Ramsey esteve muitas vezes em Cuba e sempre elogiou suas realizações sociais. Deu apoio ativo à “Caravana da Amizade” dos Pastores pela Paz enquanto ela cruzava o caminho para o México em 1993. Pediu o retorno imediato de Elián González, de seis anos de idade.

Sobre a detenção injusta dos Cinco Cubanos nos Estados Unidos, ele disse que, se fosse procurador-geral, teria rejeitado as acusações. Por seus anos de apoio a Cuba e sua oposição ao bloqueio genocida dos Estados Unidos, ele foi agraciado com a Medalha da Solidariedade em 2012, acompanhado pelas mães dos Cinco.

Ramsey fez também várias viagens à República Popular Democrática da Coreia bem como à Coreia do Sul, sempre a favor de um tratado de paz definitivo.

Em 2001, ele foi o orador principal e jurista principal do Tribunal Internacional sobre Crimes de Guerra dos Estados Unidos na Guerra da Coréia. A última viagem de Ramsey à Coreia do Norte foi em julho de 2013 para marcar o 60º aniversário do Acordo de Armistício, que encerrou as hostilidades militares na Coreia em 1953.

Contra o apartheid a Jim Crow

Como enfatizou La Riva, Ramsey teve um enorme papel na luta contra o apartheid e pelos direitos civis nos EUA.

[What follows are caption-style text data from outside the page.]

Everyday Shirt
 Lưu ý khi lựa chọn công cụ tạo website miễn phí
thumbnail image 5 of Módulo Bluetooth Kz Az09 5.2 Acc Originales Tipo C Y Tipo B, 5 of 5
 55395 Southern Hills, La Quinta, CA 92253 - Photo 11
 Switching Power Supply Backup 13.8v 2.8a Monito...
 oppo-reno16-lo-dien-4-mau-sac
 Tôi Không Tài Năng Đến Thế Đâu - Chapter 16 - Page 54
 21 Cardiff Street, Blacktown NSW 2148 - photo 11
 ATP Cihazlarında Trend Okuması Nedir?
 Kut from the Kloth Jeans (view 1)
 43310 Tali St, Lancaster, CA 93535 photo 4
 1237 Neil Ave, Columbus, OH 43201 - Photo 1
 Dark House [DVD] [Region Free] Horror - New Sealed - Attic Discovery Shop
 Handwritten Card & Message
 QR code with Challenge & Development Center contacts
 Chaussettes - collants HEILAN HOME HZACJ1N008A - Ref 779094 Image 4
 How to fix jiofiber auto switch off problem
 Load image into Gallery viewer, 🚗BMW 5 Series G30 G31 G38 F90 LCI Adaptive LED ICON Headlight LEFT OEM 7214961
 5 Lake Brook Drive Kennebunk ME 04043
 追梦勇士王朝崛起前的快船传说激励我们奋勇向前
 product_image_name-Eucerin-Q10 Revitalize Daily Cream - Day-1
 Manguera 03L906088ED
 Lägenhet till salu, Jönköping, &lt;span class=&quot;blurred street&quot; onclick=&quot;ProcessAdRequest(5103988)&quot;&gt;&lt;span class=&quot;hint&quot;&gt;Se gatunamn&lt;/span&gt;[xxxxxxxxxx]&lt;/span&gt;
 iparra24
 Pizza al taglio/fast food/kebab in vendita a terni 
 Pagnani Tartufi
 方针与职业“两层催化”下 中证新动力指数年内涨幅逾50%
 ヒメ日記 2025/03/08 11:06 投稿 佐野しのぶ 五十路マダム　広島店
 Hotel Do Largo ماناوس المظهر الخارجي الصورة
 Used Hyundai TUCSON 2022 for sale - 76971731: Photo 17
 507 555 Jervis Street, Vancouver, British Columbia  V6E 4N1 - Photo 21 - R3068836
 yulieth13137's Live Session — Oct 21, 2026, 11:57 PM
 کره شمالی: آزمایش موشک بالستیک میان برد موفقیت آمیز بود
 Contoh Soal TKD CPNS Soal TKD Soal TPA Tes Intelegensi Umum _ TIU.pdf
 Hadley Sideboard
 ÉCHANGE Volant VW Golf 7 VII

“Como assistente e posteriormente procurador-geral dos Estados Unidos, Ramsey Clark ajudou a redigir os dois históricos Atos de Direitos Civis dos Estados Unidos de 1964 e 1968, o Voting Rights Act de 1965, e foi o principal aplicador das ordens federais de dessegregação. Acompanhando pessoalmente Martin Luther King Jr. e James Meredith em face do terror racista do Alabama ao Mississippi, Ramsey era um adversário fervoroso do racismo. No Departamento de Justiça, ele frequentemente confrontou políticas repressivas dentro do próprio governo, do Congresso ao FBI e J. Edgar Hoover”.

Ramsey foi o principal executor local da decisão da Suprema Corte dos Estados Unidos de 1954, Brown v. Board of Education , contra os Estados da Geórgia, Carolina do Sul e Alabama. Eles estavam protelando ou se recusando a cancelar a segregação nas escolas públicas oito anos após a ordem judicial. Ramsey trabalhou lá diretamente em 1962 e 1963 para supervisionar a implementação da decisão.

Em 1965, o presidente Lyndon Johnson nomeou Ramsey como procurador-geral adjunto quando os negros começaram a marchar de Selma a Montgomery, Alabama, pelo direito de votar, eles foram brutalmente atacados por soldados estaduais em 7 e 9 de março e enfrentaram o terror do KKK e do Conselho de Cidadãos Brancos.

Enquanto milhares de pessoas se reuniam para uma terceira ação pacífica que começou em 21 de março, Ramsey foi enviado para tentar garantir a proteção dos manifestantes, sob a presença federal da Guarda Nacional do Alabama.

Em livro que publicou após deixar o cargo de ministro, Ramsey relatou que o chefe do FBI J. Edgard Hoover “solicitou repetidamente” que ele autorizasse as escutas telefônicas de Martin Luther King, que recusou. “O último desses pedidos veio dois dias antes do assassinato do Dr. King.”

“Primeiros entre iguais”

Ramsey foi ainda advogado de apelação do prisioneiro político nativo Leonard Peltier, que hoje ainda está na prisão federal dos Estados Unidos 45 anos depois de ser atacado pelo FBI. Em uma manifestação coletiva em San Francisco de quase 1.000 pessoas em 16 de novembro de 1997, por Leonard, Ramsey disse a uma multidão animada:

“Todo mundo sabe, e acima de tudo os promotores e o FBI, que Leonard Peltier é inocente do crime pelo qual ele foi condenado. … É essencial que libertemos Leonard Peltier e, ao fazê-lo, reconheçamos os indígenas e as indígenas como os primeiros, os primeiros entre iguais. Até que Leonard esteja livre, todos corremos risco. Ele representa se o povo americano tem a vontade de enfrentar os poderosos interesses econômicos que controlam a mídia e o complexo militar-industrial, que estão devastando os pobres em todo o planeta”.